The switch to coco's odd--never seems to dry out and the plants don't droop when they need water.   But on the upside, I'm feeding the crap out of them and they're growing in a mad sick fashion.  My room's 4.5' X 8' and these 3 plants may push me out of there completely.  They're so broad now--30" to 36"--that I can't LST them anymore; no place left to go but up.

Nothing to do now but kick back and look cute while I wait out the stretch.


----------



## PencilHead (Feb 22, 2010)

Threw the Purple Maxx to them feeding before last.  This is at 3 weeks 12/12 today.  The buds you see are all there are, no pop-corn, no air bud, no nothing.  I've only got the three though. 
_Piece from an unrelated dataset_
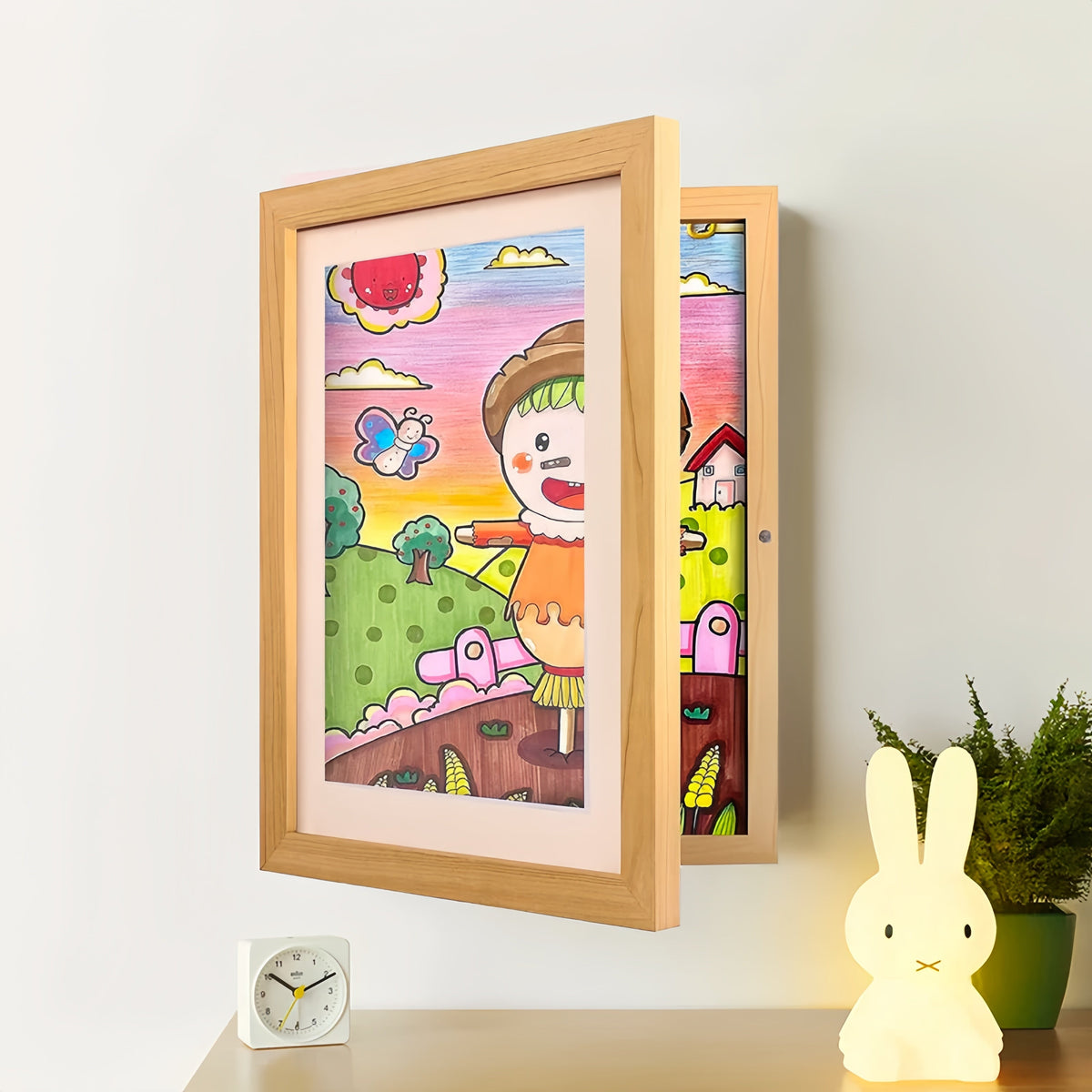 Kids Artwork Display Frame | Hidden Storage for 150 Pieces, Fits A4/US Letter | Magnetic Swap, White/Black/Wood 3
This experiment may contain some fatal error I'm not educated enough to foresee, but I'm having so much fun right now that my teeth may start photosynthesising.


----------



## monkeybusiness (Feb 22, 2010)

Wow Pencilhead, awesome! looks great


----------



## loolagigi (Feb 22, 2010)

super, super super, nice training, mojo at cha


----------



## dman1234 (Feb 22, 2010)

these are awesome pics, does anyone ever use or hear of using 
tomatoe cages?


----------



## dirtyolsouth (Feb 23, 2010)

Dude...

Wow & wow...:hubba:  Look at those bangin canopies!  You know me...  I love the lazy lollipop, flat-top!:aok:  They are really gettin cola-tized too.   Nice, nice, nice...  I really look forward to the final stretch, bro.

Peace!


----------



## PencilHead (Feb 23, 2010)

dman1234 said:
			
		

> these are awesome pics, does anyone ever use or hear of using
> tomatoe cages?


 
Thanks, D.  I've seen pics of tomato cages around MJ and even thought about it.  Maybe if I was outside.


----------



## PencilHead (Feb 23, 2010)

I can't believe how these things are eating--I'm doing 3 gallons, full strength FF full line plus the Maxx, every 6 or seven days and looks like I'm about to go to every 5 days.


----------



## ishnish (Feb 23, 2010)

:aok:
looks awesome!
got my chair..
:watchplant:


----------



## legalize_freedom (Feb 23, 2010)

looking good man!!!


----------



## ssjric (Feb 28, 2010)

Every things looking great PH!!! I can't wait to see the end product!!!


----------



## ishnish (Feb 28, 2010)

:aok:  :48:   :watchplant:


----------



## PencilHead (Mar 1, 2010)

ssjric said:
			
		

> Every things looking great PH!!! I can't wait to see the end product!!!


 
Yeah, life sucks--now I gotta expand my drying closet.  Damn it, man.


----------



## PencilHead (Mar 8, 2010)

5 weeks 12/12 and eating me outta house and home.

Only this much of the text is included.